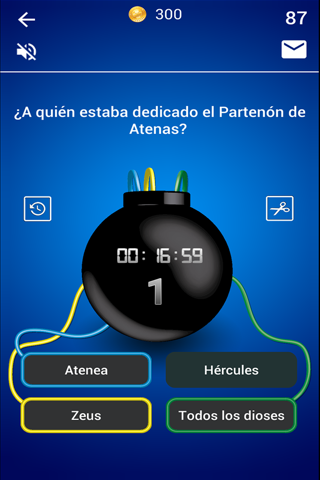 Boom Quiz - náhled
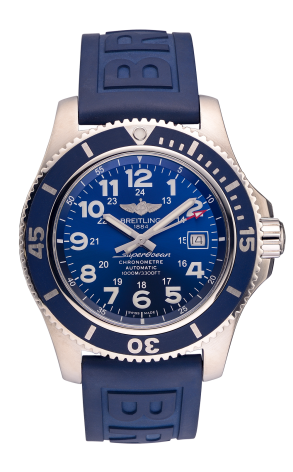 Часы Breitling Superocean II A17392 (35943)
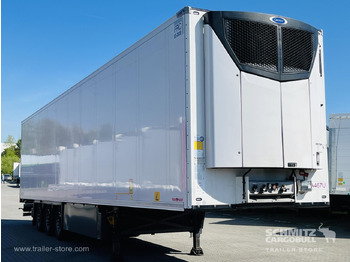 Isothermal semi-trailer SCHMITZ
━━━━━━━━━━
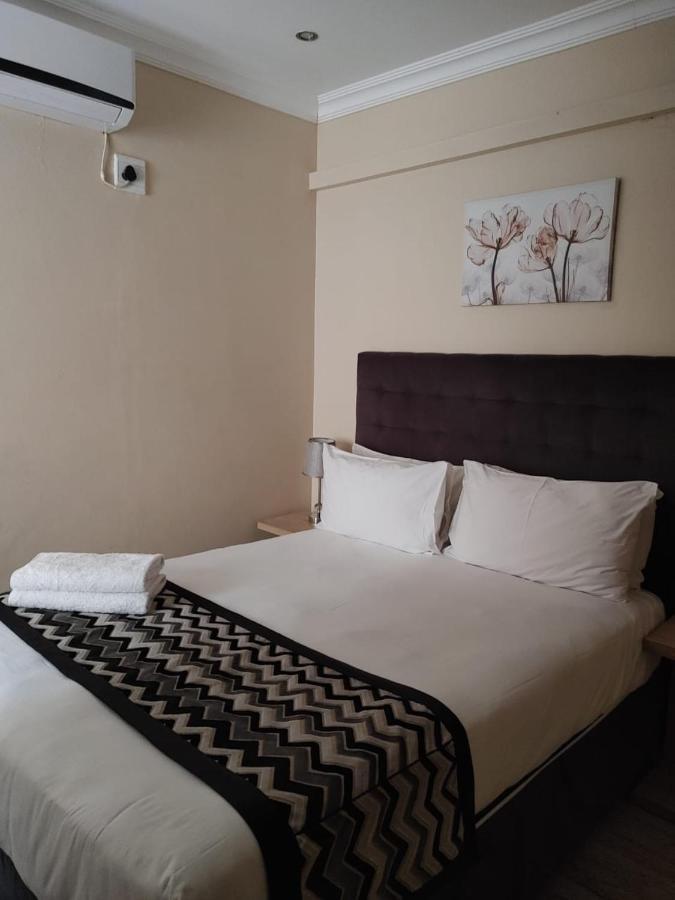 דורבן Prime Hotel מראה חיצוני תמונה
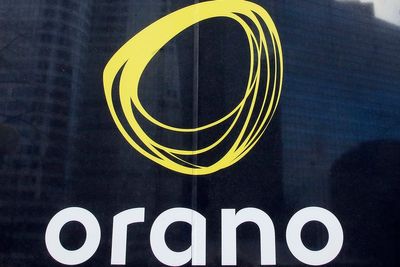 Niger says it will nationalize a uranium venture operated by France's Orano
━━━━━━━━━━
→ WHAT THE TASK REQUIRES
The stretch to restate runs from the line above containing "Boom Quiz - náhled" through the line containing "Isothermal semi-trailer SCHMITZ". Copy it word for word, ends included, without pictures.

→ EXPECTED OUTPUT
 Boom Quiz - náhled
 Часы Breitling Superocean II A17392 (35943)
 Isothermal semi-trailer SCHMITZ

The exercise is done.